Fahd Ahmed from Desis Rising Up and Moving, Ahmad Jaber and Linda Sarsour from the Arab American Association of New York and a representative of Council on American Islamic Relations spoke at the press conference, demanding that the Muslim community’s civil rights be respected.
“The NYPD has proven itself unwilling or unable to respect the constitutional and religious rights of minorities, and it is now up to the Department of Justice to step in,” a news release by the Council on American Islamic Relations quoted its NY Board Member Lamis Deek as saying.
The American Civil Liberties Union, along with the New York Civil Liberties Union and theCLEAR Project at CUNY School of Law, last June filed a lawsuit against the NYPD challenging the program, calling it discriminatory and unconstitutional.
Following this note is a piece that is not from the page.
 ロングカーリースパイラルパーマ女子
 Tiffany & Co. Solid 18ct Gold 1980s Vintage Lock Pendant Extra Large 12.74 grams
According to AP, both Mayor Michael Bloomberg and Police Commissioner Raymond Kelly have denied those accusations.
“The [AP] report confirms what we have long been saying about the NYPD’s Muslim surveillance program: Despite no suspicion of wrongdoing, and based on nothing more than their religious faith and practice, whole communities have been treated as terrorists and swept up in an unconstitutional police dragnet that reportedly has not generated even one terrorism lead,” said Noa Yachot, communications strategist at the American Civil Liberties Union in a blog posted on the organization’s website.
The Arab American Association of New York, a social services and advocacy organization working in the Arab community since 2001, demanded an “end to all forms of discriminatory policing practices targeting law-abiding Muslims.” In a statement posted on its website, it urged the Department of Justice to take immediate steps to open an investigation into the NYPD’s surveillance program.
In Muslim community enclaves across New York on Thursday, life apparently went on as it had before the AP’s revelations. But journalists working for newspapers of predominantly Muslim communities reported emotions that haven’t been felt since the days after 9/11.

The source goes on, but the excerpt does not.